Des promesses cloud nombreuses mais peu tenues
Dans son rapport, le club revient rapidement sur les promesses du cloud en termes de flexibilité, amélioration du time-to-market et de la sécurité, ou encore de traitement de la dette technique. Et concernant ce dernier point, le compte n'y est pas : "Lorsque le SI de l’organisation comprend une part de logiciels vieillissants (développés il y a plusieurs dizaines d’années), le travail de refactoring nécessaire semble tellement important que l’on renonce souvent à la migration", prévient le Cigref. "En 2021, on notait déjà que les chemins de migration les plus longs et les plus complexes apportaient le plus de bénéfices, alors que les transformations plus simples créaient peu de valeur ajoutée.

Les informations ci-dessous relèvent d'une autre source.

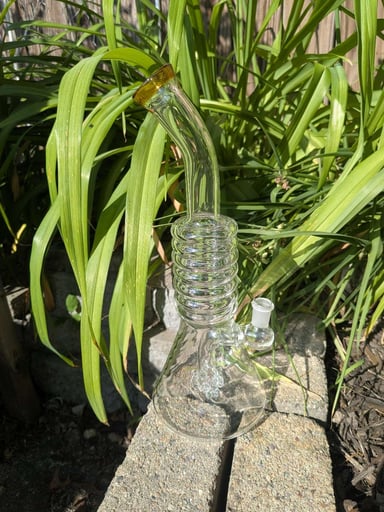 Preview pic of 12.5" Beaker With Multi Hole Perc, Ships Free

Désormais, de nombreuses organisations ont banni le « lift & shift », au motif qu’il n’est que perte de temps et que les workloads ainsi migrés ne présentent pas les avantages attendus du cloud."
Les entreprises françaises adhérentes du Cigref ont lancé leur projet de migration entre 2017 et 2023, et si des migrations massives ont été opérées vers AWS et GCP, peu d'entreprises indiquent avoir agi de la sorte avec Azure. "L’appétence pour le « multicloud », constatée dans le cadre des précédents travaux du Cigref se confirme", peut-on lire dans le rapport. "On relève que lorsqu’une entreprise adopte plusieurs clouds publics (GCP, AWS ou Azure), elle en définit généralement un premier comme cloud public principal et un second, complémentaire, pour répondre à des besoins spécifiques (ex : IA, ou data et BI)." L'adoption de l'IA et le développement des offres cloud de confiance ont-ils contribué à changer la donne ? Il est encore un peu tôt pour le savoir ce qui n'empêche pas le Cigref - appuyé par une étude complémentaire d'ISG - de dresser un bilan du cloud, en particulier public, mitigé. "Cela est principalement dû au sentiment de décalage entre les attentes initiales de certaines entreprises et leurs expériences réelles de migration", indique le rapport. "Plusieurs sujets constituent encore des obstacles pour les entreprises : l’innovation, la vitesse de la migration, et l’intelligence artificielle."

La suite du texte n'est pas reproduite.